No, it's not. The Llama 3 Community License Agreement is not an open source license. Open source licenses need to meet the criteria of the only widely accepted definition of "open source", and that's the one formulated by the OSI [0]. This license has multiple restrictions on use and distribution which make it not open source. I know Facebook keeps calling this stuff open source, maybe in order to get all the good will that open source branding gets you, but that doesn't make it true. It's like a company calling their candy vegan while listing one its ingredients as pork-based gelatin. No matter how many times the company advertises that their product is vegan, it's not, because it doesn't meet the definition of vegan.
There are more licenses than just MIT that are "open source". GPL, BSD, MIT, Apache, some of the Creative Commons licenses, etc. MIT has become the defacto default though
These discussions (ie, everything that follows here) would be much easier if the crowd insisting on the OSI definition of open source would capitalize Open Source.
In English, proper nouns are capitalized.
"Open" and "source" are both very normal English words. English speakers have "the right" to use them according to their own perspective and with personal context. It's the difference between referring to a blue tooth, and Bluetooth, or to an apple store or an Apple store.
This isn't helpful. The community defers to the OSI's definition because it captures what they care about.
We've seen people try to deceptively describe non-OSS projects as open source, and no doubt we will continue to see it. Thankfully the community (including Hacker News) is quick to call it out, and to insist on not cheapening the term.
This is one the topics that just keeps turning up:
Unless a registered trademark is involved (spoiler: it's not) no one, whether part of a so-called "community" or not, has any authority to gatekeep or dictate the terms under which a generic phrase like "open source" can be used.
Neither of those usages relate to IT, they both are about sources of intelligence (espionage). Even if they were, the OSI definition won, nobody is using the definitions from 1995 CIA or the 1996 InfoConWar book in the realm of IT, not even Facebook.
The community has the authority to complain about companies mis-labelling their pork products as vegan, even if nobody has a registered trademark on the term vegan. Would you tell people to shut up about that case because they don't have a registered trademark? Likewise, the community has authority to complain about Meta/Facebook mis-labelling code as open source even when they put restrictions on usage. It's not gate-keeping or dictatorship to complain about being misled or being lied to.
The OSI was created about 20 years ago and defined and popularized the term open source. Their definition has been widely accepted over that period.
Recently, companies are trying to market things as open source when in reality, they fail to adhere to the definition.

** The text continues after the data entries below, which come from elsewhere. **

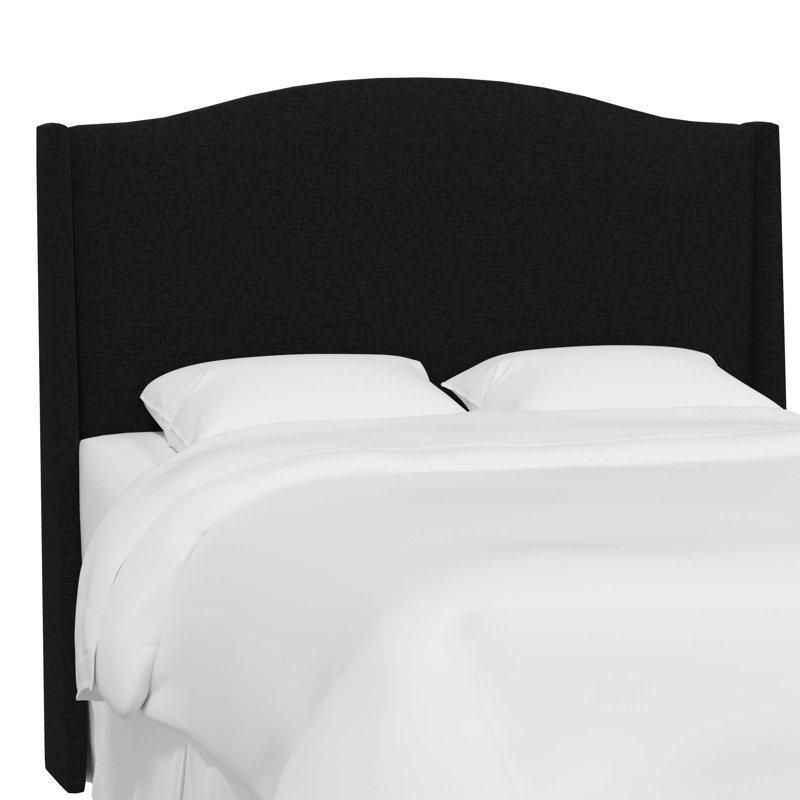 Tête de lit tapissier à oreilles Byrd, Lin noir classique, Complète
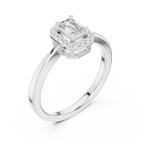 14K White Gold Emerald-Cut Octagon Halo Diamond Engagement Ring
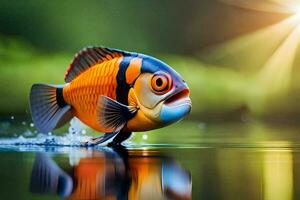 een vis met een oranje en zwart lichaam is zwemmen in de water. ai-gegenereerd foto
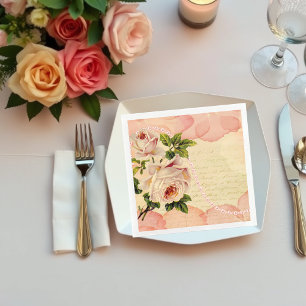Vintage Floral Roses Antique Handwriting Decoupage Napkins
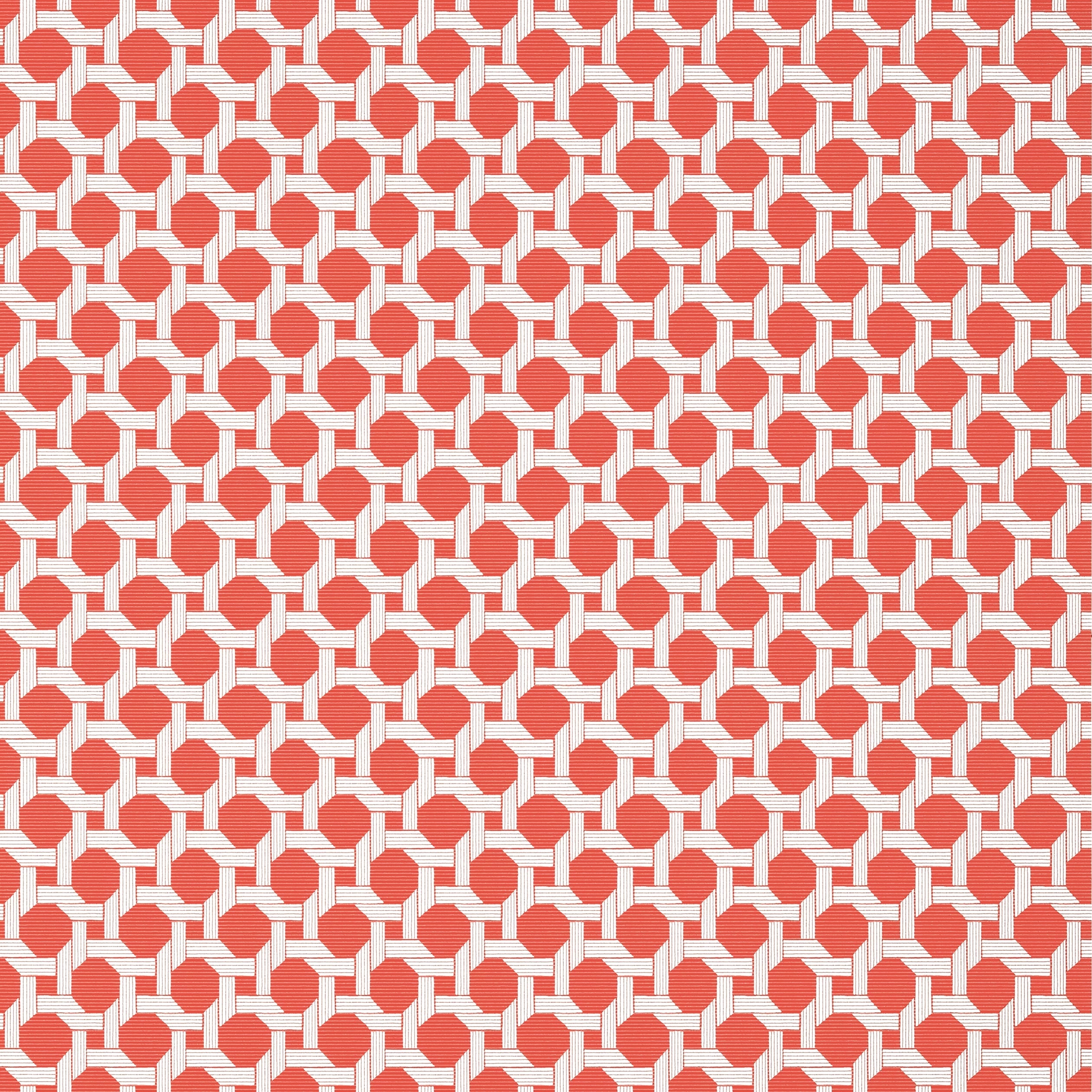 Charter wallpaper in coral color - pattern number T13958 - by Thibaut in the Palm Grove collection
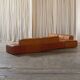 Paione modular sofa in brown leather, Claudio Salocchi, 1960s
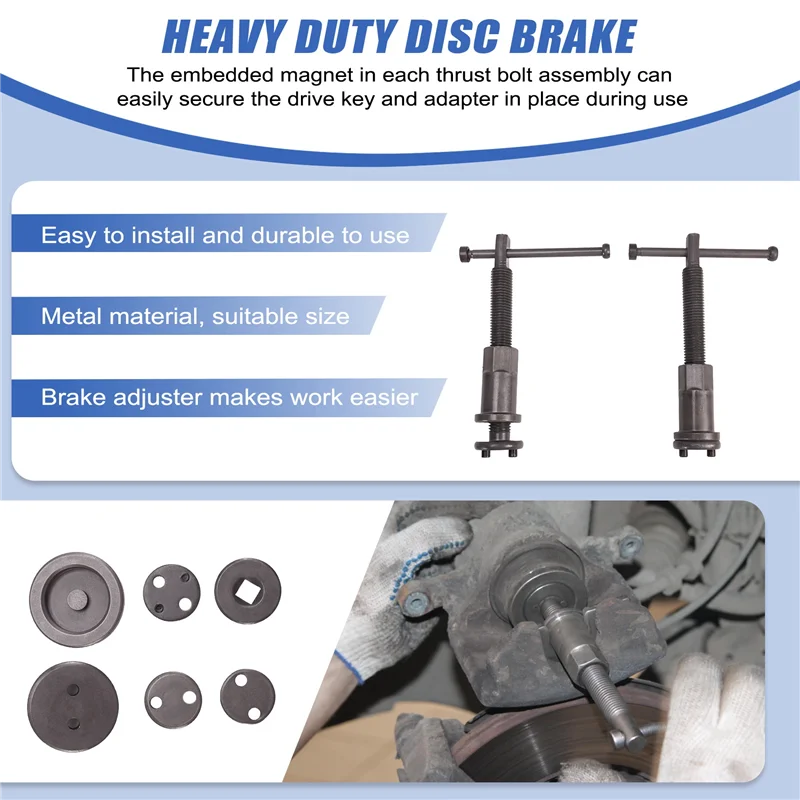 22Pcs Heavy Duty Disc Brake Piston Caliper Compressor Rewind Tool Set & Wind Back Tool Kit For Brake Pad Replacement
22Pcs Heavy Duty Disc Brake Piston Caliper Compressor Rewind Tool Set & Wind Back Tool Kit For Brake Pad Replacement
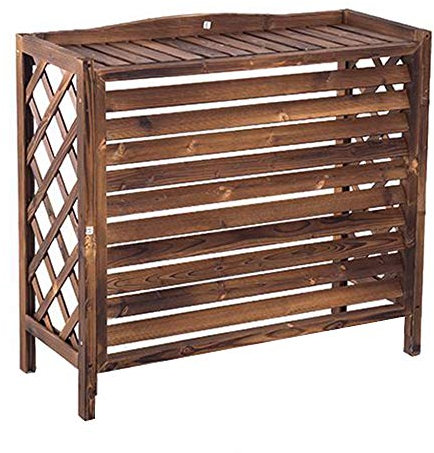 LAMEDOAT Hölzernes Klimaanlagen-Gestell, Außenabdeckung der Klimaanlage, freistehendes Pflanzen-Blumen-Gestell, Lamellendekoration, regenfester Sonnenschutz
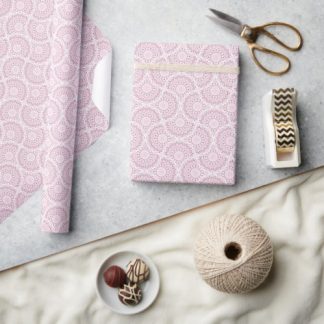 Dusky Rose Confetti Lace Dot Mandala Art Deco Fans Wrapping Paper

I think we should not let these companies change the meaning of the term, which means it's important to explain every time they try to seem more open than they are.
Yeah a lot of people here seem to not understand that PyTorch really does make model definitions that simple, and that has everything you need to resume back-propagation. Not to mention PyTorch itself being open-sourced by Meta.
That said the LLama-license doesn't meet strict definitions of OS, and I bet they have internal tooling for datacenter-scale training that's not represented here.
Source available means you can see the source, but not modify it. This is kinda the opposite, you can modify the model, but you don't see all the details of its creation.
> Source available means you can see the source, but not modify it.
No, it doesn't mean that. To quote the page I linked, emphasis mine,
> Source-available software is software released through a source code distribution model that includes arrangements where the source can be viewed, and in some cases modified, but without necessarily meeting the criteria to be called open-source. The licenses associated with the offerings range from allowing code to be viewed for reference to allowing code to be modified and redistributed for both commercial and non-commercial purposes.
> This is kinda the opposite, you can modify the model, but you don't see all the details of its creation.
That's not the training code, just the inference code. The training code, running on thousands of high-end H100 servers, is surely much more complex. They also don't open-source the dataset, or the code they used for data scraping/filtering/etc.
It's not the "inference code", its the code that specifies the architecture of the model and loads the model. The "inference code" is mostly the model, and the model is not legible to a human reader.
Maybe someday open source models will be possible, but we will need much better interpretability tools so we can generate the source code from the model. In most software projects you write the source as a specification that is then used by the computer to implement the software, but in this case the process is reversed.
[0] - https://opensource.org/osd